• **EXERCISE INPUTS**:
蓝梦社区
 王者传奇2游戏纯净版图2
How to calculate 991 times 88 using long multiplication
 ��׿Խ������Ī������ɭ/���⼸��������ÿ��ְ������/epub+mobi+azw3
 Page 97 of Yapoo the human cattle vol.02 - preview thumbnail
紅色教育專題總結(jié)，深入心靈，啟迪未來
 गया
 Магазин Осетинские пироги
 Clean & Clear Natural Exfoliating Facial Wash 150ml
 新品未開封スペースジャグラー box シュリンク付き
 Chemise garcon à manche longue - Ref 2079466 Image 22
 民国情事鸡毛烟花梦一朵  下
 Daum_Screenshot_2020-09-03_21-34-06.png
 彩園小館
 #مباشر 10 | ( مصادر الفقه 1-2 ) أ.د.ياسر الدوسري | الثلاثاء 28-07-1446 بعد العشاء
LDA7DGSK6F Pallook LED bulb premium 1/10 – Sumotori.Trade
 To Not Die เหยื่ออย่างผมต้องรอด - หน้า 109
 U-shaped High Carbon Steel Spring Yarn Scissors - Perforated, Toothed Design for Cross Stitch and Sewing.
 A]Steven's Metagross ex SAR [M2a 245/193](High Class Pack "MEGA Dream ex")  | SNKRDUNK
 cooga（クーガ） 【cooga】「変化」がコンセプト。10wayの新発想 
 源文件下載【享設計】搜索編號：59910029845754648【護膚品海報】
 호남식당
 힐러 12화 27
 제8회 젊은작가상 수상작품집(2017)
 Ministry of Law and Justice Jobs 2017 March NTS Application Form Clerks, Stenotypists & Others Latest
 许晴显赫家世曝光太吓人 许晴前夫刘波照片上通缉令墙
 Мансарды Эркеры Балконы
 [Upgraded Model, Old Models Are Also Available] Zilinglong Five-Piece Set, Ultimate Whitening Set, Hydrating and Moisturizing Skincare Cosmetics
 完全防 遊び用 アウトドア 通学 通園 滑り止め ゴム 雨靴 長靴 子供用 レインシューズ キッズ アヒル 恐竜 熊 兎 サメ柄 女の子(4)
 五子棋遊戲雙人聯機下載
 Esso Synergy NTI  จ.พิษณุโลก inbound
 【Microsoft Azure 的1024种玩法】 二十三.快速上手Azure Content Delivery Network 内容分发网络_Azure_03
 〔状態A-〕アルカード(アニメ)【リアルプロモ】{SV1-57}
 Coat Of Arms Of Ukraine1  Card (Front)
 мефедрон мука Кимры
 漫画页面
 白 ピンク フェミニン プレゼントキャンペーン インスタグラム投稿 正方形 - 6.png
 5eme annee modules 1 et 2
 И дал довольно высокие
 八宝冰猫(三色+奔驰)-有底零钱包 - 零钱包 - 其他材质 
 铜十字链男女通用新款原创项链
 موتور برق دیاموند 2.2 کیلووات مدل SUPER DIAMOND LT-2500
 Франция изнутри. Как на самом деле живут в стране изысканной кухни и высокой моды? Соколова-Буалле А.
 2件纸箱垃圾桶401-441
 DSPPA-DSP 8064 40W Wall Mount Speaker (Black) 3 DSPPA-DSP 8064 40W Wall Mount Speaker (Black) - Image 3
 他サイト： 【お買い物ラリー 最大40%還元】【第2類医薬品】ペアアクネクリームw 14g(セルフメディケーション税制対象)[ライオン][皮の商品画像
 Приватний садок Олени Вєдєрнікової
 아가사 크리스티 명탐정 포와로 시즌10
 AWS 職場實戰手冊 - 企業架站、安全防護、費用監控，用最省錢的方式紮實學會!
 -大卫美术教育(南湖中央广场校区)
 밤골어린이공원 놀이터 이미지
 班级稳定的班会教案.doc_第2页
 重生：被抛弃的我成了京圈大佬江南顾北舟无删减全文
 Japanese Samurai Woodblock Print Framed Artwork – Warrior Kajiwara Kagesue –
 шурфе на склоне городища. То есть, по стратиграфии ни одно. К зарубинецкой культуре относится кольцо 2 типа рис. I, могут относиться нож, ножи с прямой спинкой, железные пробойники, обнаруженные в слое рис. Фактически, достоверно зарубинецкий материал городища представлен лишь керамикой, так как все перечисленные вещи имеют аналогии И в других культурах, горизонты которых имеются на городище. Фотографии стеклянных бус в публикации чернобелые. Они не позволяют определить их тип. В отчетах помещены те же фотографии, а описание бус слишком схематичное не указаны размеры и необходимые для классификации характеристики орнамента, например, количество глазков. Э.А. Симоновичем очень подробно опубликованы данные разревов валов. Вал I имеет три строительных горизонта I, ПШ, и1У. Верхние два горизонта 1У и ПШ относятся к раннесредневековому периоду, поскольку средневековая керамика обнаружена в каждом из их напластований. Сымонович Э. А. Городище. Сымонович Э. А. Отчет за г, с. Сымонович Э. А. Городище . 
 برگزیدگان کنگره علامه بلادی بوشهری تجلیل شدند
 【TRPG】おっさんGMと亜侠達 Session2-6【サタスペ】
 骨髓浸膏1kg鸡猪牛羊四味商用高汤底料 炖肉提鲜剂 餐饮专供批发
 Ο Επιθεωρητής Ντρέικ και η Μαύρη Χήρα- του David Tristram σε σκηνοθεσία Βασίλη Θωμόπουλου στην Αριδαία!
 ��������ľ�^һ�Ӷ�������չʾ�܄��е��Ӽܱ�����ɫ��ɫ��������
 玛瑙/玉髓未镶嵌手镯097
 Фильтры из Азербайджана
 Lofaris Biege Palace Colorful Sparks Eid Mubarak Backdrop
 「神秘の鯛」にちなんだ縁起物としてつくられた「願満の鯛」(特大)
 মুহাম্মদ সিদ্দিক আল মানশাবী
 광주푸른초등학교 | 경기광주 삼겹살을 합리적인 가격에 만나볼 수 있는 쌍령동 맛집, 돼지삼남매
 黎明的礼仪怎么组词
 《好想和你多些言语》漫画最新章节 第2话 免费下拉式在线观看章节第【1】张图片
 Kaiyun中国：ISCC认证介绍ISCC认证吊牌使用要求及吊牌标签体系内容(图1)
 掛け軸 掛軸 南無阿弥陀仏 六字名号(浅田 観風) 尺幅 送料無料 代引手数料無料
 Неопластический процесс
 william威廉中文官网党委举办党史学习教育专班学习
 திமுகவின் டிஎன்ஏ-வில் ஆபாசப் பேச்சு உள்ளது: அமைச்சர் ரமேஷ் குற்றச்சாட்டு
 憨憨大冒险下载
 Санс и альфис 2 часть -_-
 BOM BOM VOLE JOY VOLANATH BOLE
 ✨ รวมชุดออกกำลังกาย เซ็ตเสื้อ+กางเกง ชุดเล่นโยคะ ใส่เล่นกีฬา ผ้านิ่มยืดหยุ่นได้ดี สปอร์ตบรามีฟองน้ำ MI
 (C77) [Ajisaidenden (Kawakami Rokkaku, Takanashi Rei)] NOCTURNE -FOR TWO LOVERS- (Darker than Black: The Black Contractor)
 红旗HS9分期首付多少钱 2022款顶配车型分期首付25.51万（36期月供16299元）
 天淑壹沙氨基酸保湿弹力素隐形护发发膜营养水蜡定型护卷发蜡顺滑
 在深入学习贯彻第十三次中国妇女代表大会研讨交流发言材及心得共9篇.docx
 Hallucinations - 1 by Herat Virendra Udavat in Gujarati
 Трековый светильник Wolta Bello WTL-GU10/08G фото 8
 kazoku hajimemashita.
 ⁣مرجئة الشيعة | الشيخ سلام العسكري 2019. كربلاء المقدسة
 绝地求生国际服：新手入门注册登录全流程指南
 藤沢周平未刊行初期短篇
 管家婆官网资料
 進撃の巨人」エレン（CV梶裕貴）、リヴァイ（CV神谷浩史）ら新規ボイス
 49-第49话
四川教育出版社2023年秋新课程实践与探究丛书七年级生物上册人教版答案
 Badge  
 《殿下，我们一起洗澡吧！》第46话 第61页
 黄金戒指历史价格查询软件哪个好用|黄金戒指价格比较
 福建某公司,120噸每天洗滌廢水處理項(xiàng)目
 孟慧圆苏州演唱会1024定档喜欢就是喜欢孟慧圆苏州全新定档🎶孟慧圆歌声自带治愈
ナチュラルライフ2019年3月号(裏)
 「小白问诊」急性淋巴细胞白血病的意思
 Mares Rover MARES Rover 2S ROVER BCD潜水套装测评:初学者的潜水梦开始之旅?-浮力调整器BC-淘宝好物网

• **WORK REQUIRED**:
Print only what lies in the material above starting at the line with "5eme annee modules 1 et 2" and ending at the line with "Japanese Samurai Woodblock", every line exactly as given.

• **RESPONSE**:
 5eme annee modules 1 et 2
 И дал довольно высокие
 八宝冰猫(三色+奔驰)-有底零钱包 - 零钱包 - 其他材质 
 铜十字链男女通用新款原创项链
 موتور برق دیاموند 2.2 کیلووات مدل SUPER DIAMOND LT-2500
 Франция изнутри. Как на самом деле живут в стране изысканной кухни и высокой моды? Соколова-Буалле А.
 2件纸箱垃圾桶401-441
 DSPPA-DSP 8064 40W Wall Mount Speaker (Black) 3 DSPPA-DSP 8064 40W Wall Mount Speaker (Black) - Image 3
 他サイト： 【お買い物ラリー 最大40%還元】【第2類医薬品】ペアアクネクリームw 14g(セルフメディケーション税制対象)[ライオン][皮の商品画像
 Приватний садок Олени Вєдєрнікової
 아가사 크리스티 명탐정 포와로 시즌10
 AWS 職場實戰手冊 - 企業架站、安全防護、費用監控，用最省錢的方式紮實學會!
 -大卫美术教育(南湖中央广场校区)
 밤골어린이공원 놀이터 이미지
 班级稳定的班会教案.doc_第2页
 重生：被抛弃的我成了京圈大佬江南顾北舟无删减全文
 Japanese Samurai Woodblock Print Framed Artwork – Warrior Kajiwara Kagesue –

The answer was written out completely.